Leaving nothing out, set down all the data exactly.

------ MATERIAL SHOWN ------

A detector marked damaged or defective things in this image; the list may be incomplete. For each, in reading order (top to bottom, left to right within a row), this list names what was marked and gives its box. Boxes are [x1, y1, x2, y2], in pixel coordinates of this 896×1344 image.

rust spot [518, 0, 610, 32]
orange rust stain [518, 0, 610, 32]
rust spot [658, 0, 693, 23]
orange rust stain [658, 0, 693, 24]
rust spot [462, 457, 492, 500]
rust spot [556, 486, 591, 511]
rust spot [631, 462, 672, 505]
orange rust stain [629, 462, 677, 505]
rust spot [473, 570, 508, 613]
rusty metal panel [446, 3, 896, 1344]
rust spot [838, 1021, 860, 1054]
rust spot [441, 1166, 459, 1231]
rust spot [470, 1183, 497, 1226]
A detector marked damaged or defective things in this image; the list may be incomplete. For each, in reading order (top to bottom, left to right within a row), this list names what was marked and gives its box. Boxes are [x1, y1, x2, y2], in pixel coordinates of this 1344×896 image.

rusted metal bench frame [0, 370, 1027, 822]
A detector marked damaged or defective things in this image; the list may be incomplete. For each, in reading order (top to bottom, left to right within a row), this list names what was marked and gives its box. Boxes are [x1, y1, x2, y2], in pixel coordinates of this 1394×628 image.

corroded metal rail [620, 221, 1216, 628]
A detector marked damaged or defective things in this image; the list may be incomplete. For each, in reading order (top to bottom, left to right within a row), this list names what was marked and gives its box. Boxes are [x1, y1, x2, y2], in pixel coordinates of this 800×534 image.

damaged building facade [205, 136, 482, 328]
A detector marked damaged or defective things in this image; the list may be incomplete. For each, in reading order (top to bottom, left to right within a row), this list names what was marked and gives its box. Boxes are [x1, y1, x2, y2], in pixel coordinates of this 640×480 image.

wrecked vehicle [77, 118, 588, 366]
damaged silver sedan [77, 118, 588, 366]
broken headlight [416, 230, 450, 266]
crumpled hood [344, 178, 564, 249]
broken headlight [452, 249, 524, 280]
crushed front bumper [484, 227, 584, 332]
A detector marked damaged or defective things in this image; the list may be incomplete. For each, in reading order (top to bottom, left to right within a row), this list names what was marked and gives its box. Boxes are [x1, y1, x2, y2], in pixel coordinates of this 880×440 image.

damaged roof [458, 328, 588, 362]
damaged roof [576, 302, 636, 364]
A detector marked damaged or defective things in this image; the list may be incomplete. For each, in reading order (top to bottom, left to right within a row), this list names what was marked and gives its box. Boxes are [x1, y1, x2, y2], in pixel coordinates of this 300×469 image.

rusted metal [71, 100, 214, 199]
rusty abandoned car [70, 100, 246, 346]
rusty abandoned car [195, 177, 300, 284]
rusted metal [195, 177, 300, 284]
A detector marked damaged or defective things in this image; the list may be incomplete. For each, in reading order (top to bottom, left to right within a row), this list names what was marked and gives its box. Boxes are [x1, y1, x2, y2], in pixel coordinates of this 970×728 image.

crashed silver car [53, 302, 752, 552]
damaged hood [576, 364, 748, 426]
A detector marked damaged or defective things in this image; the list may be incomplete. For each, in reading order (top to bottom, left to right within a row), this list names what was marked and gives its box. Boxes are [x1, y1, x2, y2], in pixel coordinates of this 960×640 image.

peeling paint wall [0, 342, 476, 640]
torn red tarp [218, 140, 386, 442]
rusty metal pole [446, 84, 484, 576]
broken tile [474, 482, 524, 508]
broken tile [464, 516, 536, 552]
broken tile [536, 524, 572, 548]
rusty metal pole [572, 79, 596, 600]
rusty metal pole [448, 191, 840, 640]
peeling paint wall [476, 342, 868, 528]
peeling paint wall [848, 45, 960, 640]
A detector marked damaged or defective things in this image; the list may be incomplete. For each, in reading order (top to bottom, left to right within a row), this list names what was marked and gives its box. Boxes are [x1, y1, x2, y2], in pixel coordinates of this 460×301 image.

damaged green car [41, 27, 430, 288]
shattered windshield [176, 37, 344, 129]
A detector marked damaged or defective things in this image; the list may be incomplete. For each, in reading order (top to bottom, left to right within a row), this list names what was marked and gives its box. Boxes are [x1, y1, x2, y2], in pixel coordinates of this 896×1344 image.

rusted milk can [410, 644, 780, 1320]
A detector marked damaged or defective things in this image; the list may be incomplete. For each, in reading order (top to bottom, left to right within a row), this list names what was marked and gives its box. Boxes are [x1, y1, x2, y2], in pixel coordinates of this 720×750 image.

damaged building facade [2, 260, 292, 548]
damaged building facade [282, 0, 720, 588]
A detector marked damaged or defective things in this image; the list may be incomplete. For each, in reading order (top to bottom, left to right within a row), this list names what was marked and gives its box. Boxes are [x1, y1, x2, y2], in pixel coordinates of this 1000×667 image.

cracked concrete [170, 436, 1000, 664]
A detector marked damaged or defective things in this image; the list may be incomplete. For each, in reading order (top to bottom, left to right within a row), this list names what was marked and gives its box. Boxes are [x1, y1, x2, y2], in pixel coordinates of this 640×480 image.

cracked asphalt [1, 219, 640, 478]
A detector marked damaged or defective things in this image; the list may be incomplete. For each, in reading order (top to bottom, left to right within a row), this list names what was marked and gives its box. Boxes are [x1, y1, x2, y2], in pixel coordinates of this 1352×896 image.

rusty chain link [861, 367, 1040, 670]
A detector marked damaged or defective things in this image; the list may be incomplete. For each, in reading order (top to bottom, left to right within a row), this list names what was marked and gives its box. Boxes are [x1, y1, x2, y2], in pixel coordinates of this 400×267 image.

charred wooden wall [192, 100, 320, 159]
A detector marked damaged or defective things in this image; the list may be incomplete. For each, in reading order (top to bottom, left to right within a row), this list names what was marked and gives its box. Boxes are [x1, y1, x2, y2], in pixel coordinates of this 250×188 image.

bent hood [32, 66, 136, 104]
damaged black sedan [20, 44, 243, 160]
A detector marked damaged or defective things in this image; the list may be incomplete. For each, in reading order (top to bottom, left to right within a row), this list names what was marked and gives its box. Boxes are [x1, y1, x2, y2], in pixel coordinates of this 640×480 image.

------

RESULT OF THE EXERCISE →
A detector marked damaged or defective things in this image; the list may be incomplete. For each, in reading order (top to bottom, left to right within a row), this list names what was marked and gives its box. Boxes are [x1, y1, x2, y2], in pixel coordinates of this 896×1344 image.

rust spot [518, 0, 610, 32]
orange rust stain [518, 0, 610, 32]
rust spot [658, 0, 693, 23]
orange rust stain [658, 0, 693, 24]
rust spot [462, 457, 492, 500]
rust spot [556, 486, 591, 511]
rust spot [631, 462, 672, 505]
orange rust stain [629, 462, 677, 505]
rust spot [473, 570, 508, 613]
rusty metal panel [446, 3, 896, 1344]
rust spot [838, 1021, 860, 1054]
rust spot [441, 1166, 459, 1231]
rust spot [470, 1183, 497, 1226]
A detector marked damaged or defective things in this image; the list may be incomplete. For each, in reading order (top to bottom, left to right within a row), this list names what was marked and gives its box. Boxes are [x1, y1, x2, y2], in pixel coordinates of this 1344×896 image.

rusted metal bench frame [0, 370, 1027, 822]
A detector marked damaged or defective things in this image; the list may be incomplete. For each, in reading order (top to bottom, left to right within a row), this list names what was marked and gives its box. Boxes are [x1, y1, x2, y2], in pixel coordinates of this 1394×628 image.

corroded metal rail [620, 221, 1216, 628]
A detector marked damaged or defective things in this image; the list may be incomplete. For each, in reading order (top to bottom, left to right within a row), this list names what was marked and gives its box. Boxes are [x1, y1, x2, y2], in pixel coordinates of this 800×534 image.

damaged building facade [205, 136, 482, 328]
A detector marked damaged or defective things in this image; the list may be incomplete. For each, in reading order (top to bottom, left to right within a row), this list names what was marked and gives its box. Boxes are [x1, y1, x2, y2], in pixel coordinates of this 640×480 image.

wrecked vehicle [77, 118, 588, 366]
damaged silver sedan [77, 118, 588, 366]
broken headlight [416, 230, 450, 266]
crumpled hood [344, 178, 564, 249]
broken headlight [452, 249, 524, 280]
crushed front bumper [484, 227, 584, 332]
A detector marked damaged or defective things in this image; the list may be incomplete. For each, in reading order (top to bottom, left to right within a row), this list names what was marked and gives its box. Boxes are [x1, y1, x2, y2], in pixel coordinates of this 880×440 image.

damaged roof [458, 328, 588, 362]
damaged roof [576, 302, 636, 364]
A detector marked damaged or defective things in this image; the list may be incomplete. For each, in reading order (top to bottom, left to right within a row), this list names what was marked and gives its box. Boxes are [x1, y1, x2, y2], in pixel coordinates of this 300×469 image.

rusted metal [71, 100, 214, 199]
rusty abandoned car [70, 100, 246, 346]
rusty abandoned car [195, 177, 300, 284]
rusted metal [195, 177, 300, 284]
A detector marked damaged or defective things in this image; the list may be incomplete. For each, in reading order (top to bottom, left to right within a row), this list names what was marked and gives its box. Boxes are [x1, y1, x2, y2], in pixel coordinates of this 970×728 image.

crashed silver car [53, 302, 752, 552]
damaged hood [576, 364, 748, 426]
A detector marked damaged or defective things in this image; the list may be incomplete. For each, in reading order (top to bottom, left to right within a row), this list names what was marked and gives its box. Boxes are [x1, y1, x2, y2], in pixel coordinates of this 960×640 image.

peeling paint wall [0, 342, 476, 640]
torn red tarp [218, 140, 386, 442]
rusty metal pole [446, 84, 484, 576]
broken tile [474, 482, 524, 508]
broken tile [464, 516, 536, 552]
broken tile [536, 524, 572, 548]
rusty metal pole [572, 79, 596, 600]
rusty metal pole [448, 191, 840, 640]
peeling paint wall [476, 342, 868, 528]
peeling paint wall [848, 45, 960, 640]
A detector marked damaged or defective things in this image; the list may be incomplete. For each, in reading order (top to bottom, left to right within a row), this list names what was marked and gives its box. Boxes are [x1, y1, x2, y2], in pixel coordinates of this 460×301 image.

damaged green car [41, 27, 430, 288]
shattered windshield [176, 37, 344, 129]
A detector marked damaged or defective things in this image; the list may be incomplete. For each, in reading order (top to bottom, left to right within a row), this list names what was marked and gives its box. Boxes are [x1, y1, x2, y2], in pixel coordinates of this 896×1344 image.

rusted milk can [410, 644, 780, 1320]
A detector marked damaged or defective things in this image; the list may be incomplete. For each, in reading order (top to bottom, left to right within a row), this list names what was marked and gives its box. Boxes are [x1, y1, x2, y2], in pixel coordinates of this 720×750 image.

damaged building facade [2, 260, 292, 548]
damaged building facade [282, 0, 720, 588]
A detector marked damaged or defective things in this image; the list may be incomplete. For each, in reading order (top to bottom, left to right within a row), this list names what was marked and gives its box. Boxes are [x1, y1, x2, y2], in pixel coordinates of this 1000×667 image.

cracked concrete [170, 436, 1000, 664]
A detector marked damaged or defective things in this image; the list may be incomplete. For each, in reading order (top to bottom, left to right within a row), this list names what was marked and gives its box. Boxes are [x1, y1, x2, y2], in pixel coordinates of this 640×480 image.

cracked asphalt [1, 219, 640, 478]
A detector marked damaged or defective things in this image; the list may be incomplete. For each, in reading order (top to bottom, left to right within a row), this list names what was marked and gives its box. Boxes are [x1, y1, x2, y2], in pixel coordinates of this 1352×896 image.

rusty chain link [861, 367, 1040, 670]
A detector marked damaged or defective things in this image; the list may be incomplete. For each, in reading order (top to bottom, left to right within a row), this list names what was marked and gives its box. Boxes are [x1, y1, x2, y2], in pixel coordinates of this 400×267 image.

charred wooden wall [192, 100, 320, 159]
A detector marked damaged or defective things in this image; the list may be incomplete. For each, in reading order (top to bottom, left to right within a row), this list names what was marked and gives its box. Boxes are [x1, y1, x2, y2], in pixel coordinates of this 250×188 image.

bent hood [32, 66, 136, 104]
damaged black sedan [20, 44, 243, 160]
A detector marked damaged or defective things in this image; the list may be incomplete. For each, in reading order (top to bottom, left to right within a row), this list names what was marked and gives its box. Boxes are [x1, y1, x2, y2], in pixel coordinates of this 640×480 image.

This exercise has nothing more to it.